The SEC alleges that Kurt Hovan of Hovan Capital Management misappropriated more than $178,000 he claimed to be using to pay for legitimate investment research on his clients’ behalf. In reality, the SEC says Hovan was secretly funneling the money for such undisclosed uses as office rent, computer hardware and his brother’s salary.

When SEC examination staff asked Hovan to provide documentation to back up his claims, the SEC says he created phony research reports.

The SEC also charged his wife, Lisa Hovan, and his brother Edward Hovan for their roles in the fraudulent scheme. The U.S. Attorney’s Office for the Northern District of California filed criminal charges against Kurt Hovan on Wednesday as well.

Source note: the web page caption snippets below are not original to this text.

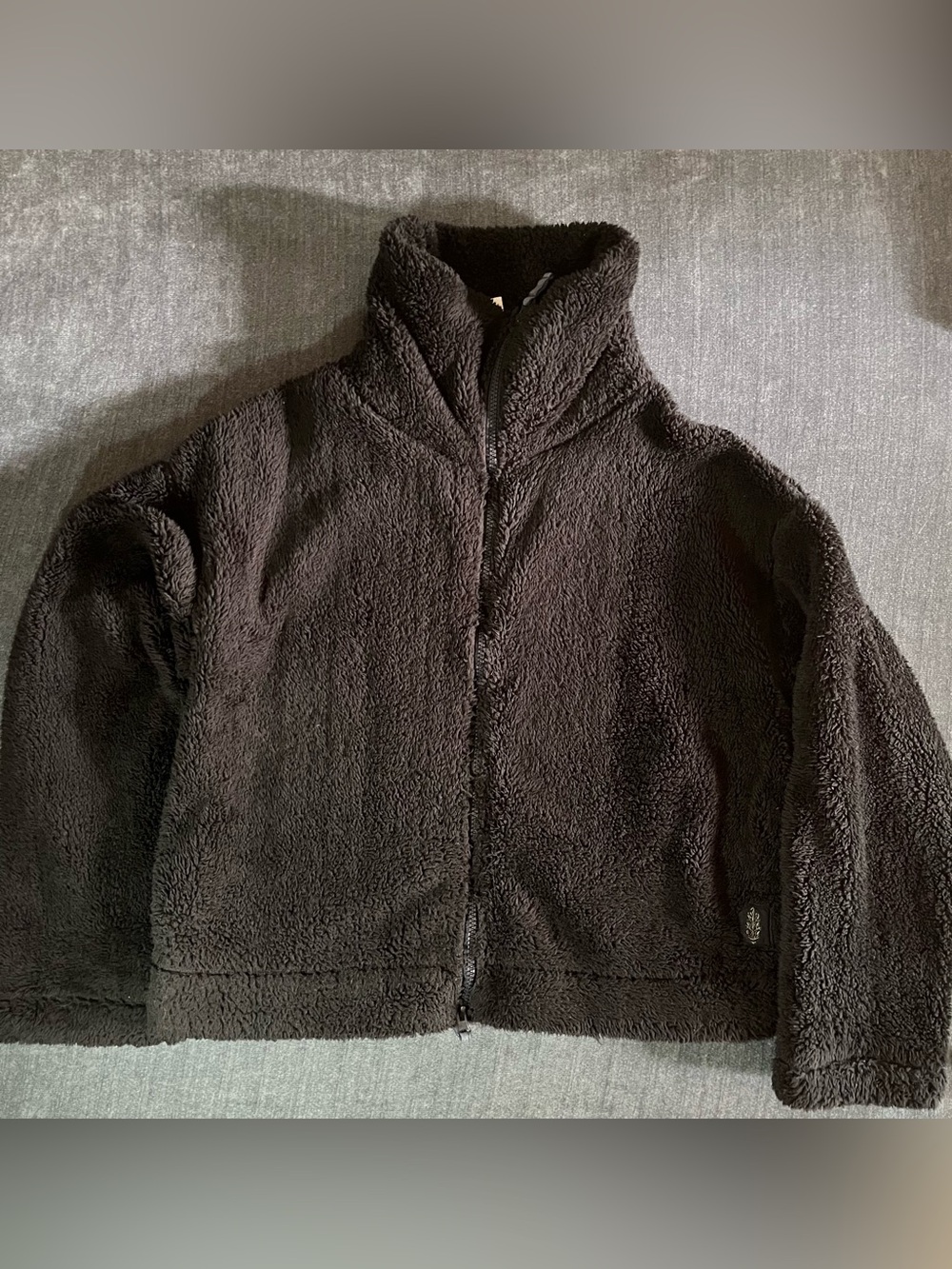 Free People Movement Cozy Black Fleece Jacket size small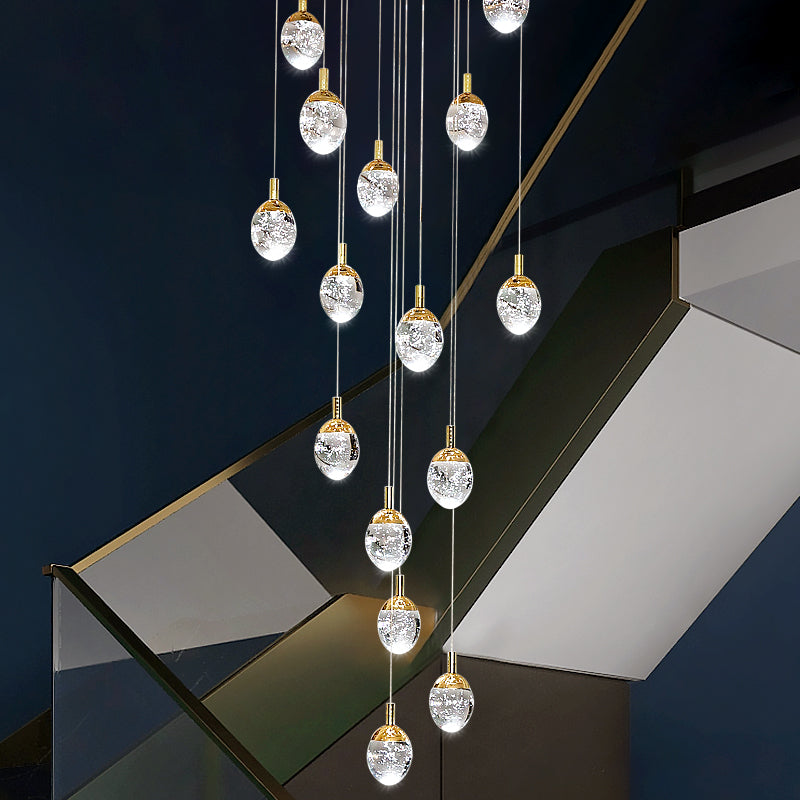 meteors crystal chandelier lighting
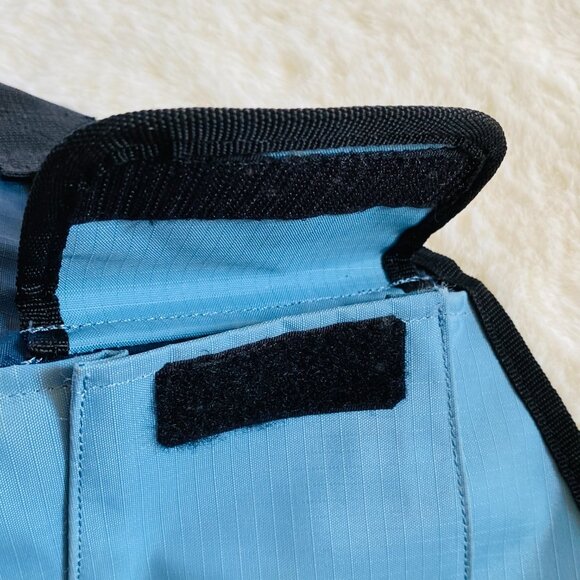 Y2K Old Navy Blue Camouflage Crossbody Sling Backpack Rave Bag Vintage - Picture 6 of 8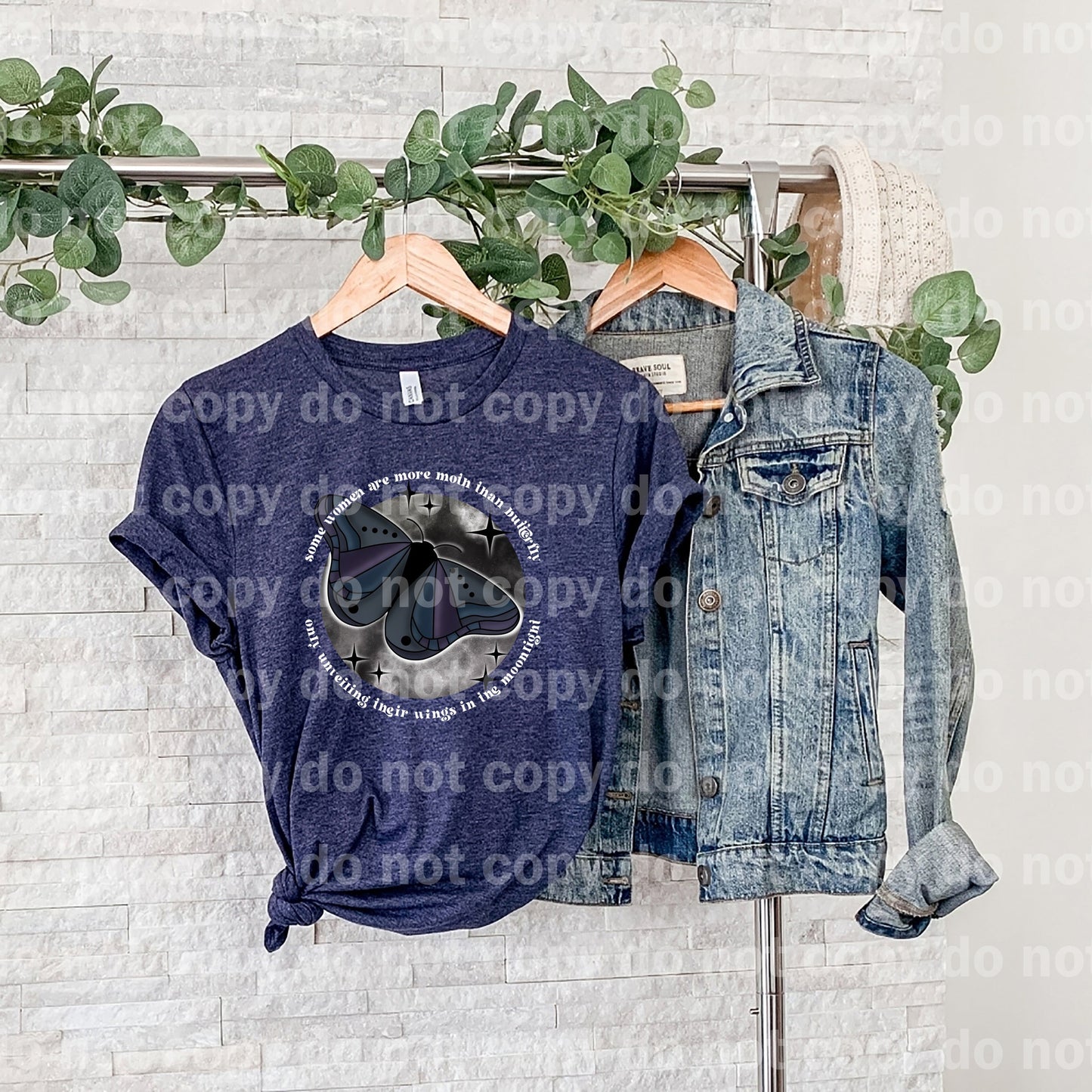 Some Women Are More Moth Than Butterfly Black/White Dream Print or Sublimation Print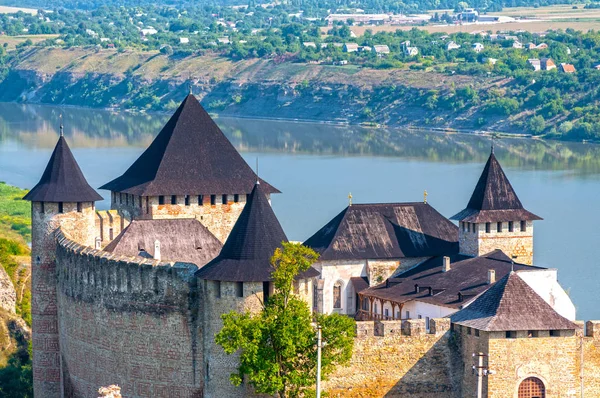 Hotin Khotyn Festung Ukraine Fluss Dniester — Stockfoto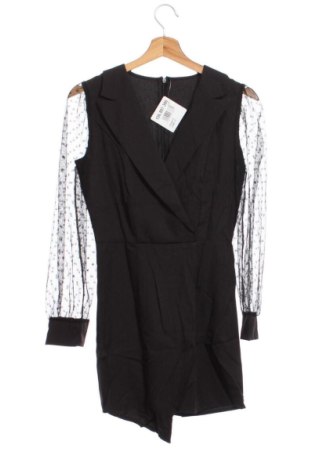 Kurzer Damenoverall SHEIN, Größe XS, Farbe Schwarz, Preis 12,00 €, #136897386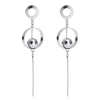 Simple Tassel Earrings Circular Bead Drop Earrings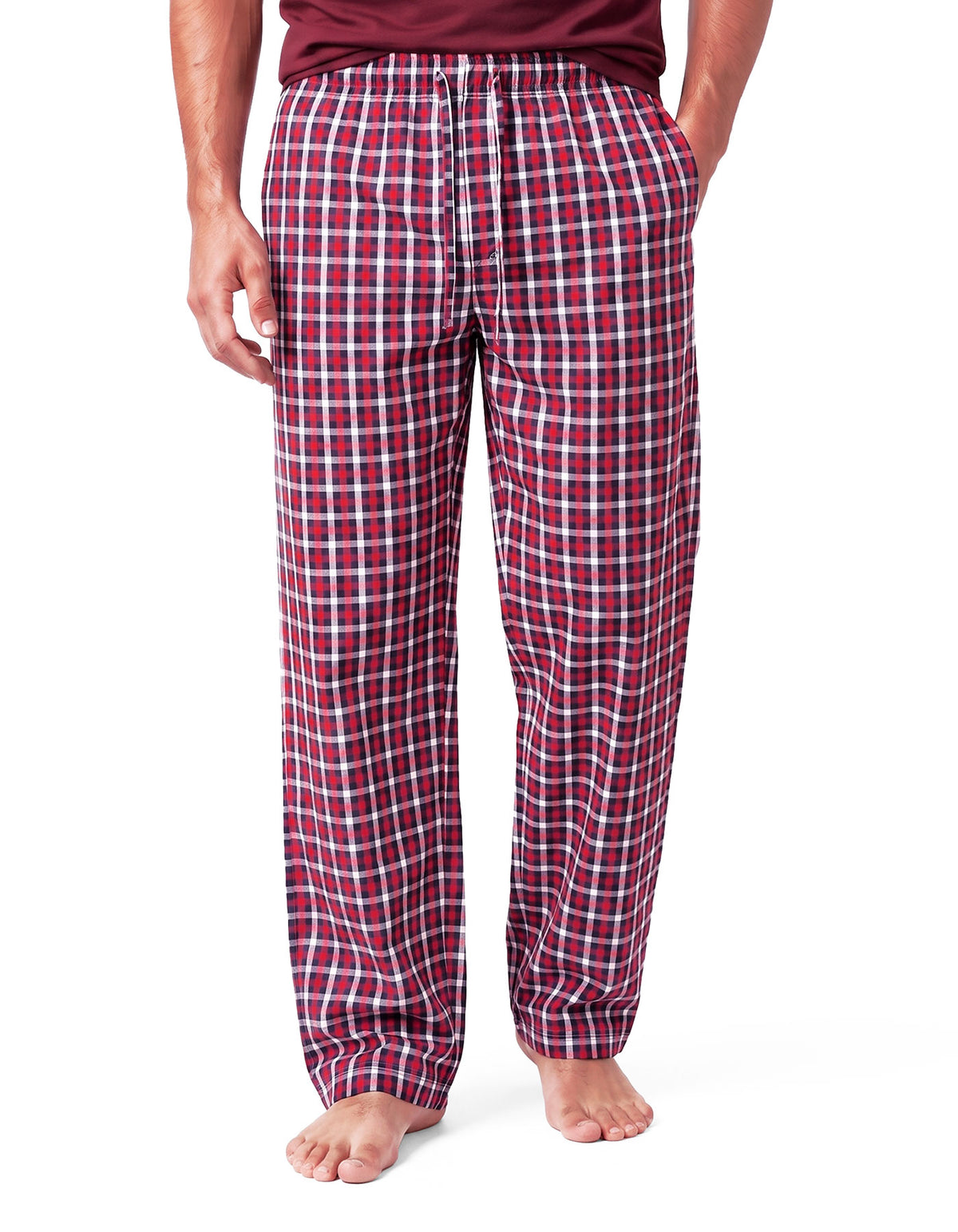 Red Check Cross Pocket Woven Pajama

“The SEC’s ability to review the records of investment professionals is a cornerstone of our investor protection mission,” said Marc Fagel, director of the SEC’s San Francisco Regional Office, in a statement. “We take a particularly dim view of those who compound their fraud on investors by providing false information to our examiners.”

As the SEC explains, soft dollars are credits or rebates from brokerage firms on commissions paid by clients for trades executed in the client accounts of an investment advisor. If appropriately disclosed, an investment advisor may retain the soft dollar credits to pay for a limited category of brokerage and research services that benefit clients.

According to the SEC’s complaint filed in federal court in San Francisco, Kurt and Lisa Hovan falsely disclosed to clients that HCM would use soft dollars only for certain research services. Instead, they used $166,667 in soft dollars to pay Edward Hovan’s salary over a 10-month period in 2008 and 2009.

To cover up these payments, the three Hovans created a shell company–“Bolton Research”–secretly controlled by Edward Hovan, the SEC states. “Through this company, the Hovans invoiced HCM’s brokerage firms for research services that had never been rendered. Once Edward Hovan received the payments, he kicked back approximately 40% ($65,000) to Kurt and Lisa Hovan to pay the office rent,” the SEC says.

The SEC further alleges that Kurt and Lisa Hovan instructed a research provider paid with soft dollars to pad its invoices by $12,000 and kick back this amount to help HCM pay for a new computer server.

The SEC says that during a January 2010 examination of HCM, the SEC staff asked HCM to provide copies of the research reports prepared by Bolton Research in exchange for the soft dollar payments. In response, the SEC says that Kurt Hovan “quickly drafted numerous research reports and doctored materials to make them appear as if they had been prepared by Bolton. Hovan provided these phony documents to SEC examiners.”